(Brief descriptive captions)
%%

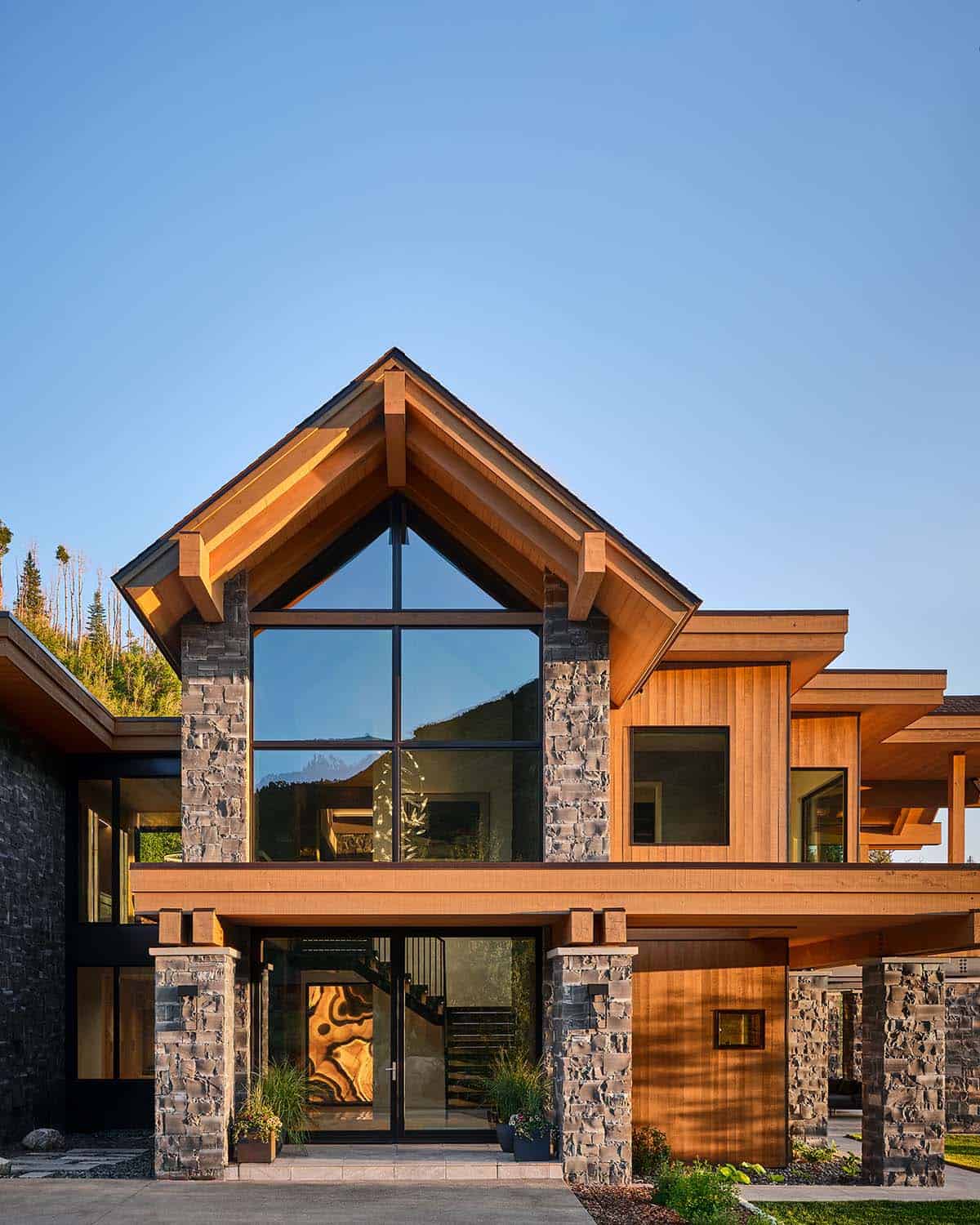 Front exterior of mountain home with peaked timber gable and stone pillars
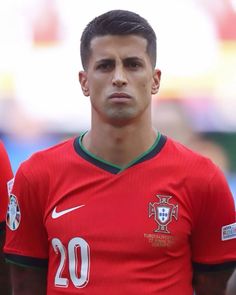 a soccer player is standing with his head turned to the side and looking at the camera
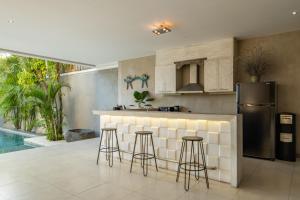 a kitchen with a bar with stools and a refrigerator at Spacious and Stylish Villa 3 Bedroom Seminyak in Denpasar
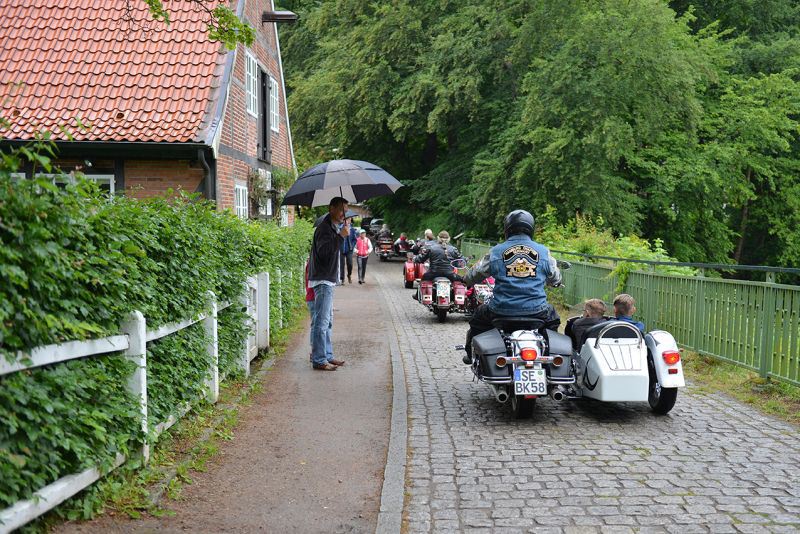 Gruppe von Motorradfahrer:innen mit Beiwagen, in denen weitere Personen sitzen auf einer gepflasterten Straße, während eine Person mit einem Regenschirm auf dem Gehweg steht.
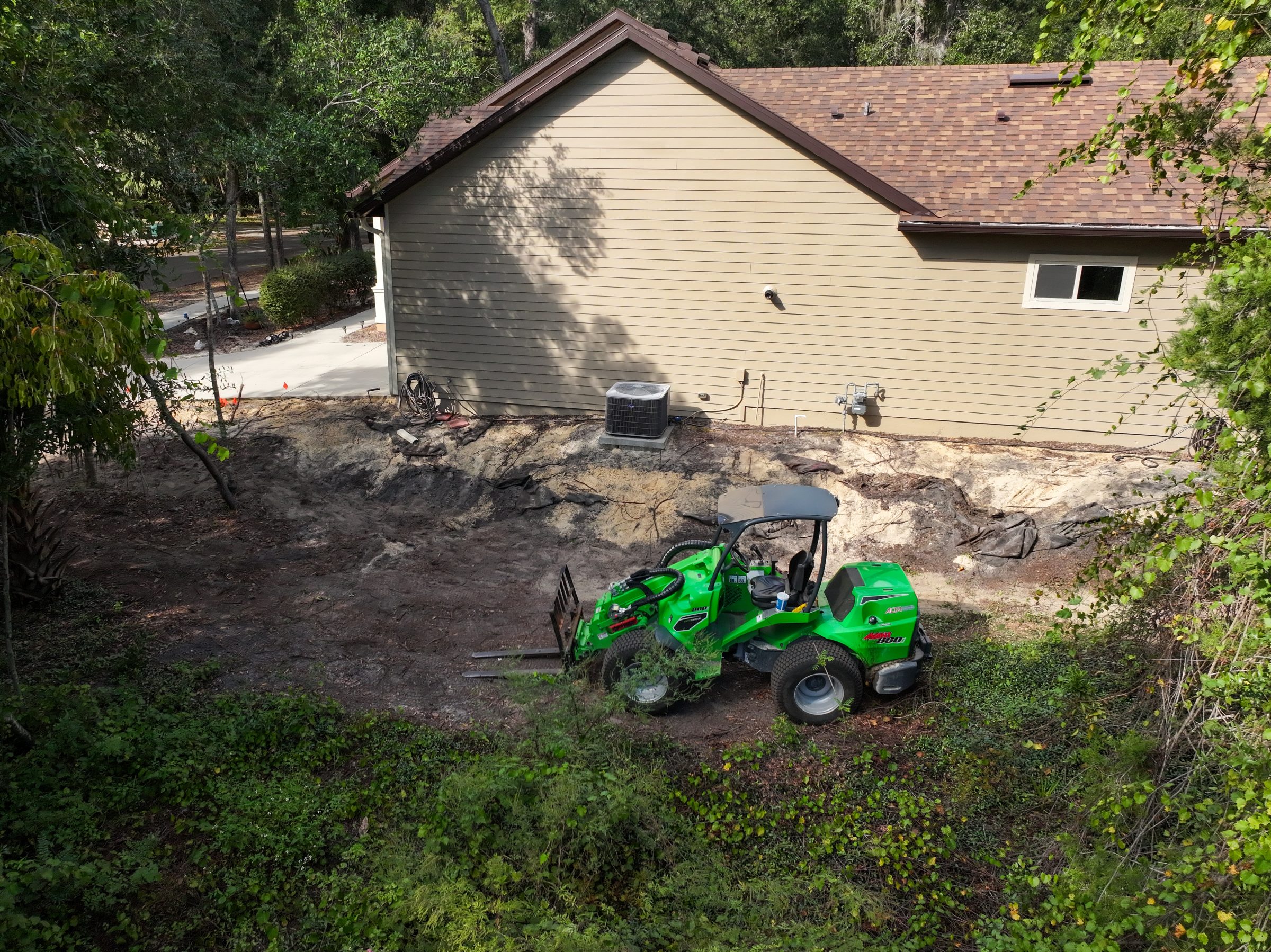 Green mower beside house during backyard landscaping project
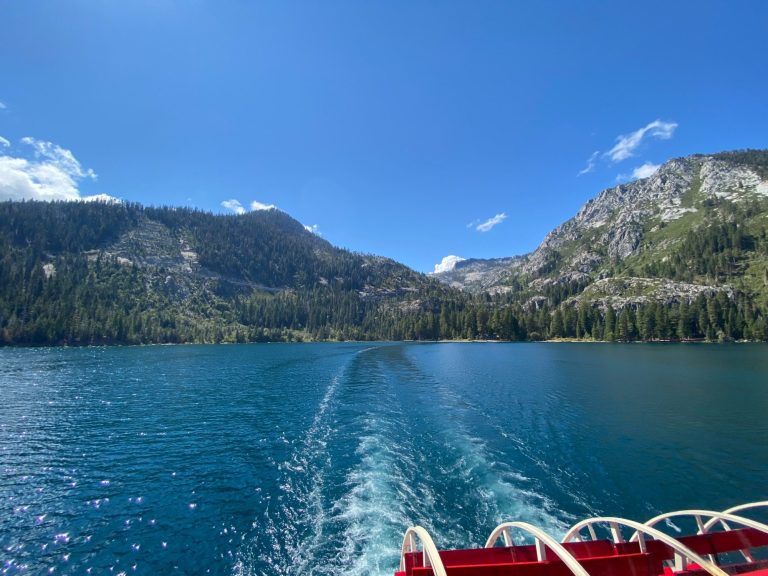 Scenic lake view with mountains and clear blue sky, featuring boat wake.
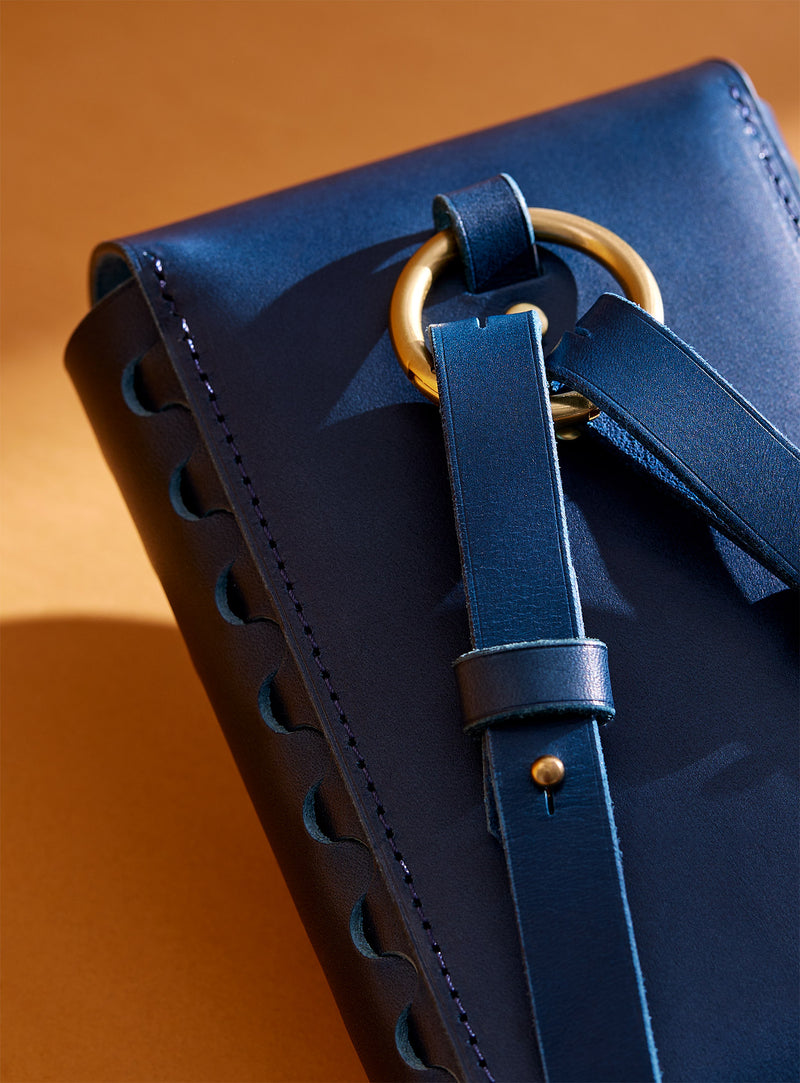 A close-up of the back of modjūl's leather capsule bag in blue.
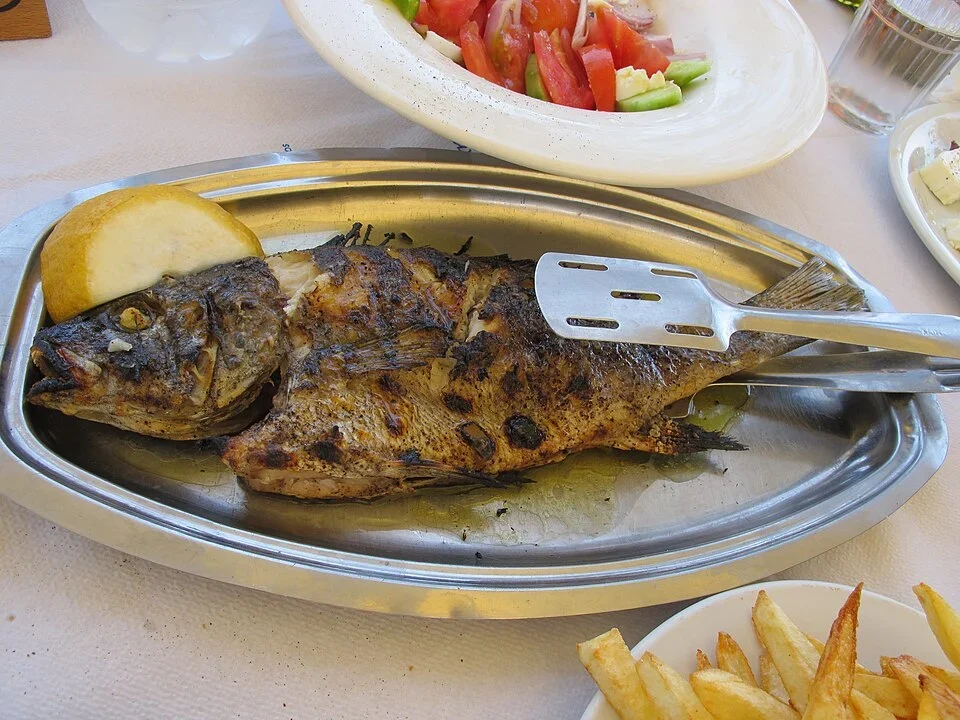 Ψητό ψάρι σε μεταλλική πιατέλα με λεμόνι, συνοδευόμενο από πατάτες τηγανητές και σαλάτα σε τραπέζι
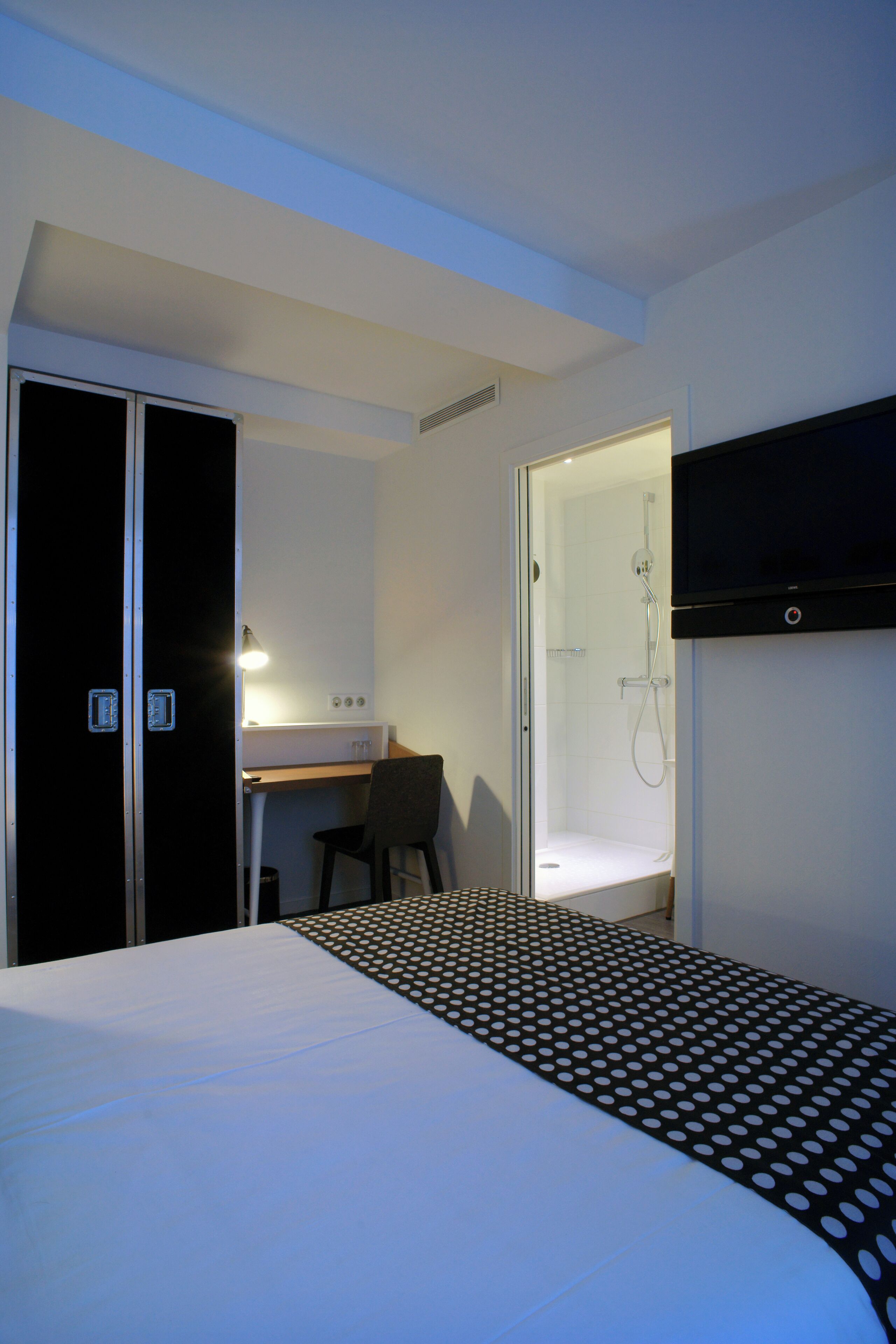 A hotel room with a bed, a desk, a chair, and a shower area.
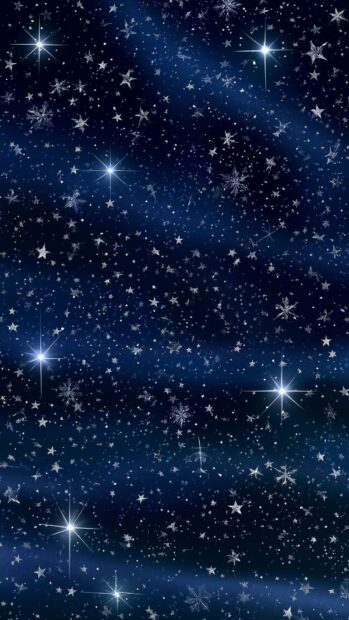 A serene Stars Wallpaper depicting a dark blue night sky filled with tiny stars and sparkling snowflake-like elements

%%

> WHAT TO DO
The answer must be an exact transcription of the lines from the one holding "A hotel room" to the last line of the entries above, with no pictures and nothing else.

> EXPECTED OUTPUT
 A hotel room with a bed, a desk, a chair, and a shower area.
 A serene Stars Wallpaper depicting a dark blue night sky filled with tiny stars and sparkling snowflake-like elements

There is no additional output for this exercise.